**Goal of the exercise**
The entries below contain pictures. Write out only the lines from the line with "To clarify the" up to and including the line with "Check out this", exactly, without them.

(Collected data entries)
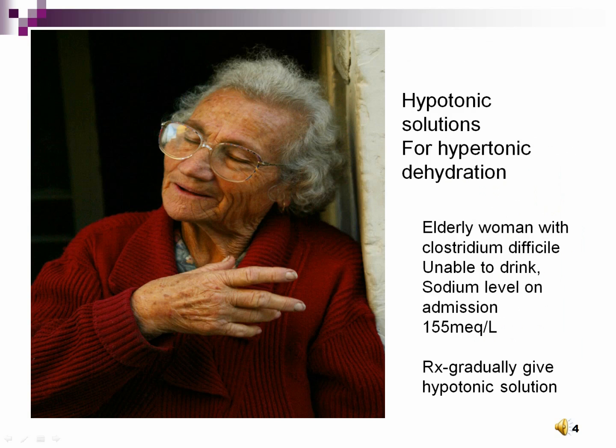This elderly lady has a hypertonic dehydration. She comes from a nursing home where she contracted Clostridium difficile. She has had 8 to 10 watery stools per day for the last several days and as a result has lost a lot of plain water. You find a dry, thirsty lady with a high sodium value of 155 milliequivalents per liter. She needs a hypotonic fluid infusion to replace the lost water without replacing much sodium.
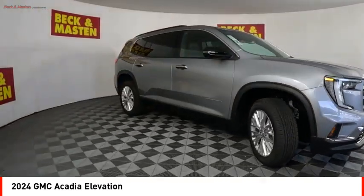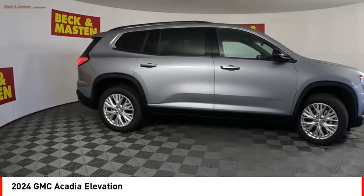If you like it online, you'll love it in your driveway. Take it for a spin today.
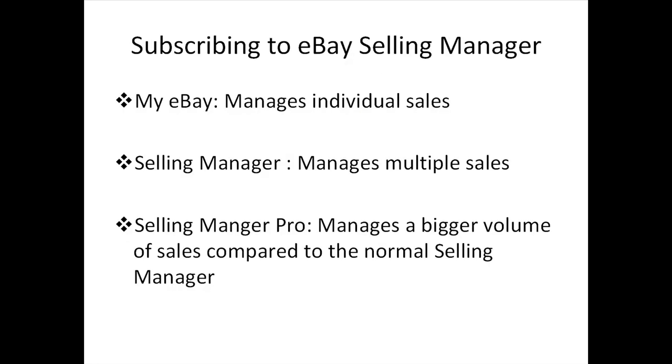eBay offers three types of selling features to manage your sales, accessible from your eBay account page. First, My eBay — this helps you manage individual sales and is exceptionally useful for beginning sellers. It's a free default tool already included under your eBay account in the Selling section. Second, Selling Manager — this helps you handle multiple sales in less time. Through this tool you can manage listings, track sales, and perform common post-sale tasks such as handling feedback, email, payments, and shipping. There are no fees required and you can subscribe for free.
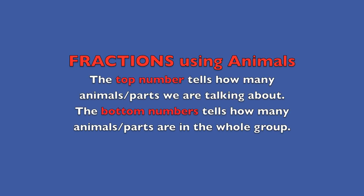Hi boys and girls! I'm going to do a fraction lesson today using some fish and other adorable animals. So stay tuned! Fractions using animals.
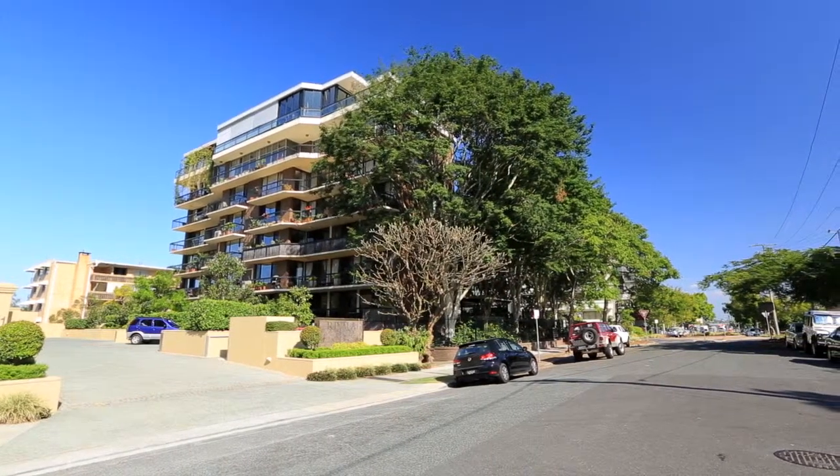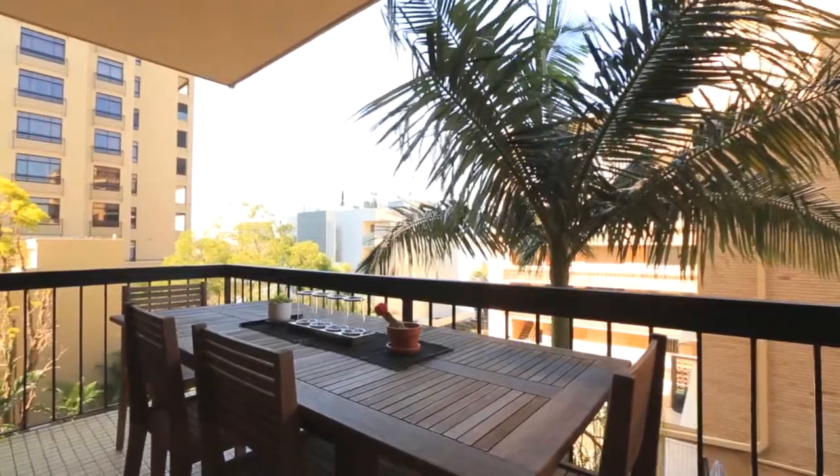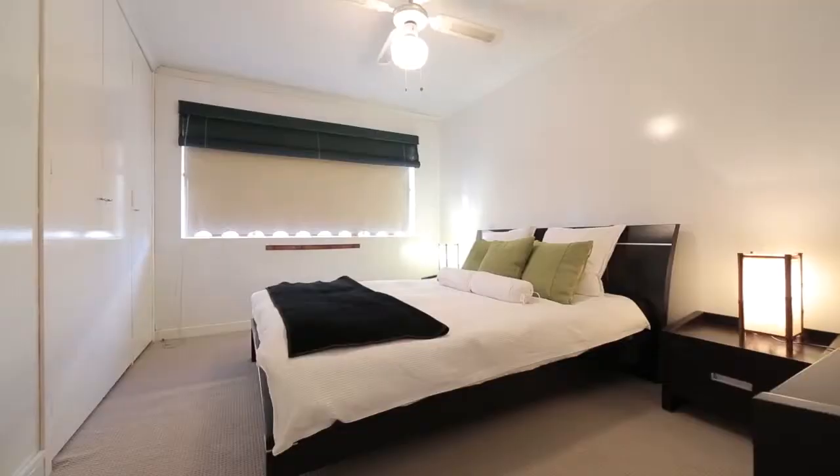Fully furnished down to the last detail and ready to put straight into the letting pool, this is the ideal investment property. Or you could make this your own trendy and affordable home.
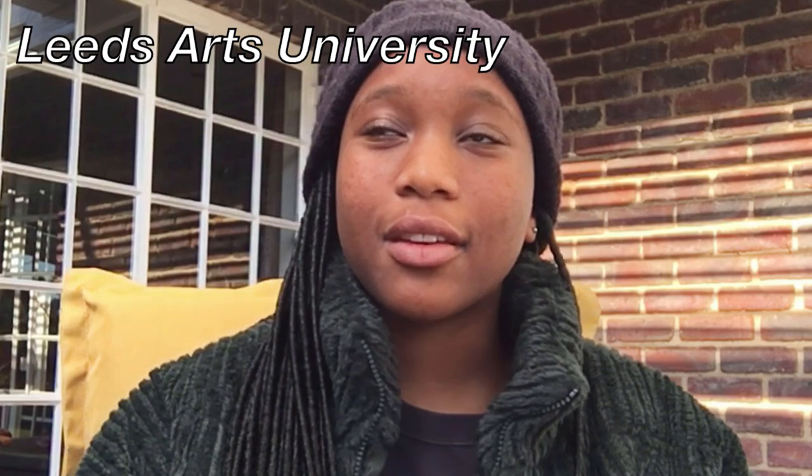I actually haven't done a video on how I got accepted to some of the universities I got accepted to. The main one I'm actually going to in August is Parsons the New School of Design in New York. I also got accepted to two other universities in the UK and also got accepted into Polymoda, which is in Italy.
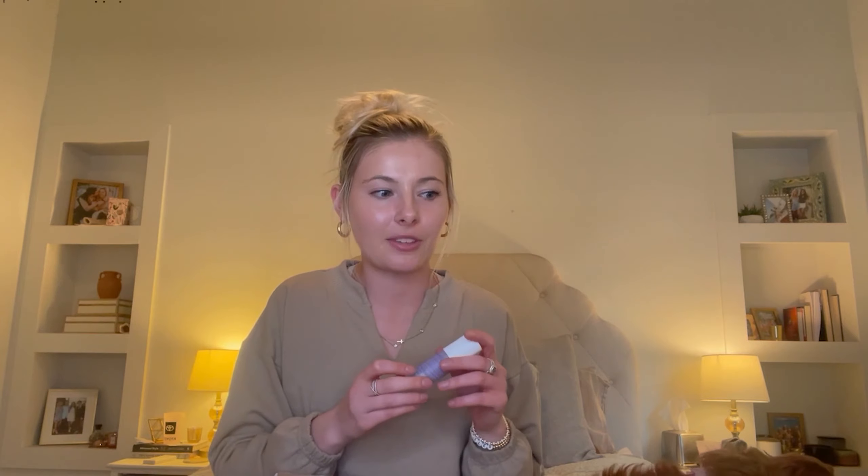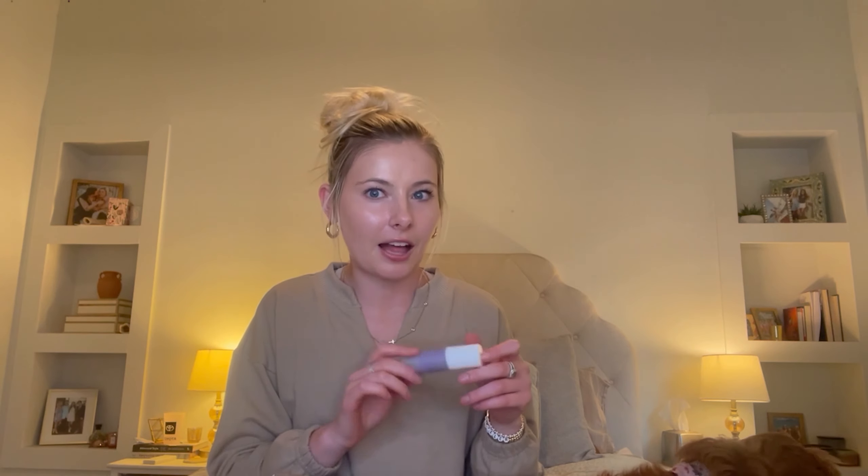My current eye cream doesn't pair well with makeup, so I'm curious to see how this one does. I've had great experiences with this brand. The size is on the smaller side — my Biossance eye cream lasts me about six months using it every night. I might fly through this one faster, but first impressions I'm not sure — maybe it will last a long time.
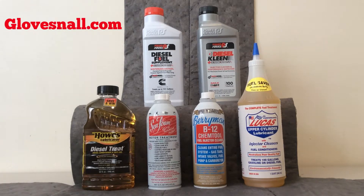To clarify the bottle sizes: the Howes Lubricator comes in 32-ounce and 64-ounce. The Power Service comes in 32-ounce bottles and 80-ounce bottles. The Diesel Kleen with Cetane Boost helps to improve fuel economy up to 8% on diesel engines.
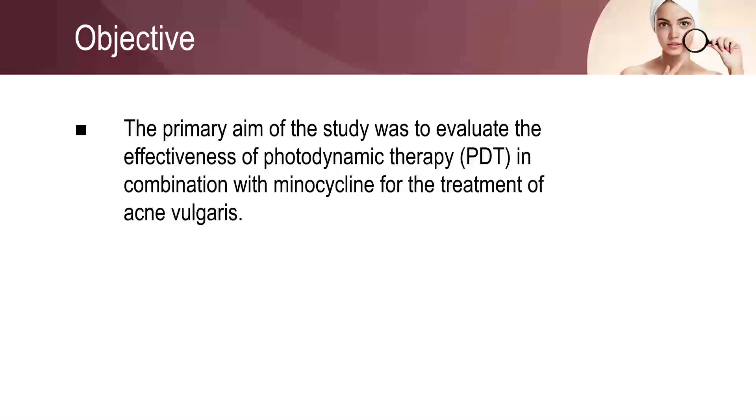The primary objective of the study was to evaluate the effectiveness of photodynamic therapy in combination with minocycline in treating acne vulgaris.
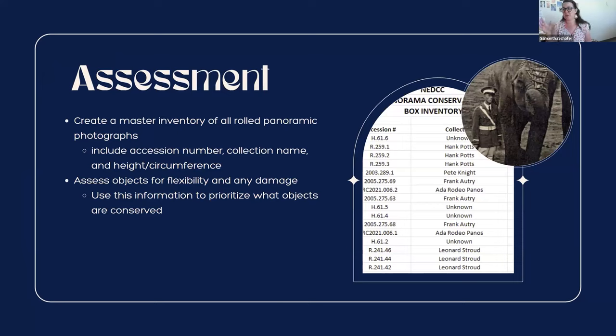Assessment is all about the spreadsheet — we're archivists, it's always about spreadsheets. You want to create a master inventory of your rolled panoramas. It doesn't need to have a ton of information, but it does need to include the accession number or some identifying number, the collection name if known, and dimensions — how tall is it, what's the diameter — for future packing purposes. You also want to assess any damage and how flexible the object is.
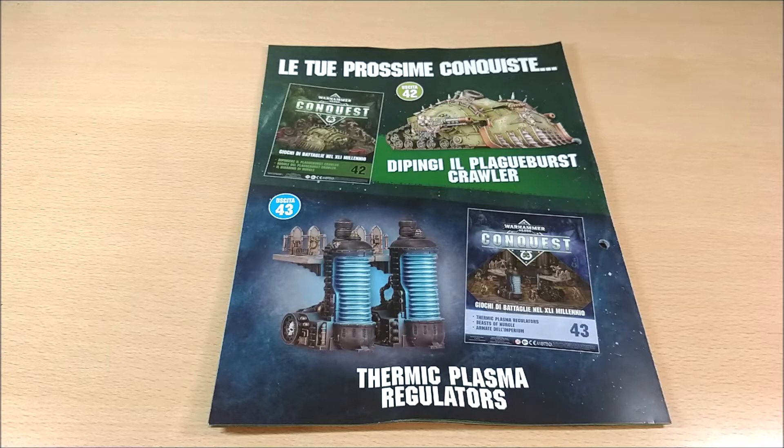I also want to remind you that the rules in Warhammer Conquest are for the 8th edition. The 9th edition was going to be released this month — remember, it was July when I recorded this video. So the rules you find have changed a bit. It doesn't mean they are useless; you can still start to play with the previous version and adjust the rules to your needs later.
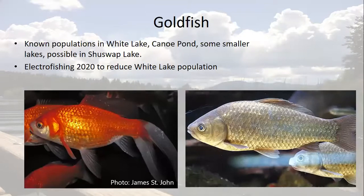Goldfish — these are not always gold, and sometimes they are olive green or splotched with white or gold. Originating in home aquariums, if they are let loose into a lake they can grow way larger than the tiny ones we see in a goldfish bowl. Goldfish are omnivorous and typically create very muddy conditions when feeding, which can damage spawning habitat for native species. This species is known in White Lake, Canoe Pond, and some smaller ponds and lakes in the region. It is possible that they've made their way to Shuswap Lake. In 2020, an electrofishing effort was successfully used to reduce goldfish numbers in White Lake.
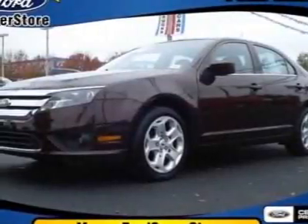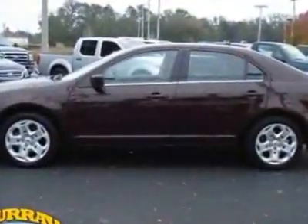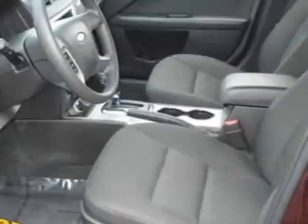Check out this certified pre-owned 2011 Ford Fusion. This Fusion has just under 40,500 miles. For your protection, a service contract is available.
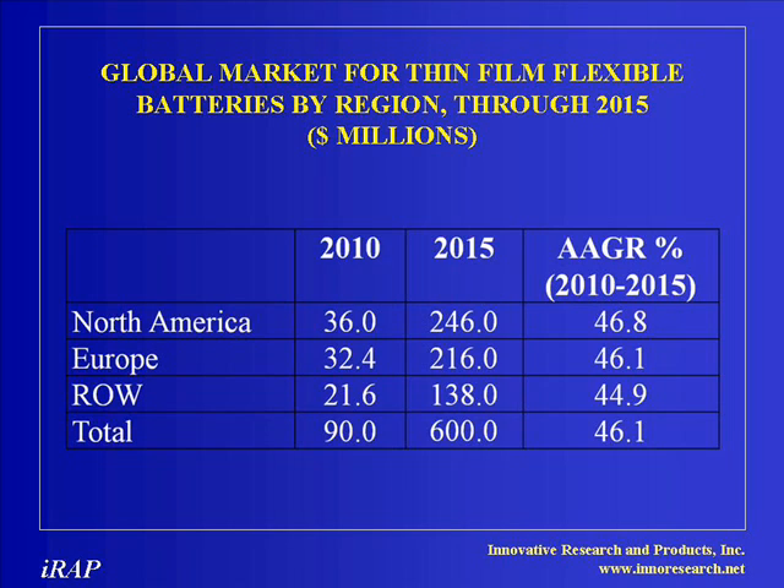The main factor slowing growth of the market for thin film or printed batteries at present is high cost. Thin film printable batteries are currently unable to compete with conventional battery technologies on price. This will change as volumes for thin film printed batteries ramp up and technology improves.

**Solution for this task**
To clarify the bottle sizes: the Howes Lubricator comes in 32-ounce and 64-ounce. The Power Service comes in 32-ounce bottles and 80-ounce bottles. The Diesel Kleen with Cetane Boost helps to improve fuel economy up to 8% on diesel engines.
The primary objective of the study was to evaluate the effectiveness of photodynamic therapy in combination with minocycline in treating acne vulgaris.
Assessment is all about the spreadsheet — we're archivists, it's always about spreadsheets. You want to create a master inventory of your rolled panoramas. It doesn't need to have a ton of information, but it does need to include the accession number or some identifying number, the collection name if known, and dimensions — how tall is it, what's the diameter — for future packing purposes. You also want to assess any damage and how flexible the object is.
I also want to remind you that the rules in Warhammer Conquest are for the 8th edition. The 9th edition was going to be released this month — remember, it was July when I recorded this video. So the rules you find have changed a bit. It doesn't mean they are useless; you can still start to play with the previous version and adjust the rules to your needs later.
Goldfish — these are not always gold, and sometimes they are olive green or splotched with white or gold. Originating in home aquariums, if they are let loose into a lake they can grow way larger than the tiny ones we see in a goldfish bowl. Goldfish are omnivorous and typically create very muddy conditions when feeding, which can damage spawning habitat for native species. This species is known in White Lake, Canoe Pond, and some smaller ponds and lakes in the region. It is possible that they've made their way to Shuswap Lake. In 2020, an electrofishing effort was successfully used to reduce goldfish numbers in White Lake.
Check out this certified pre-owned 2011 Ford Fusion. This Fusion has just under 40,500 miles. For your protection, a service contract is available.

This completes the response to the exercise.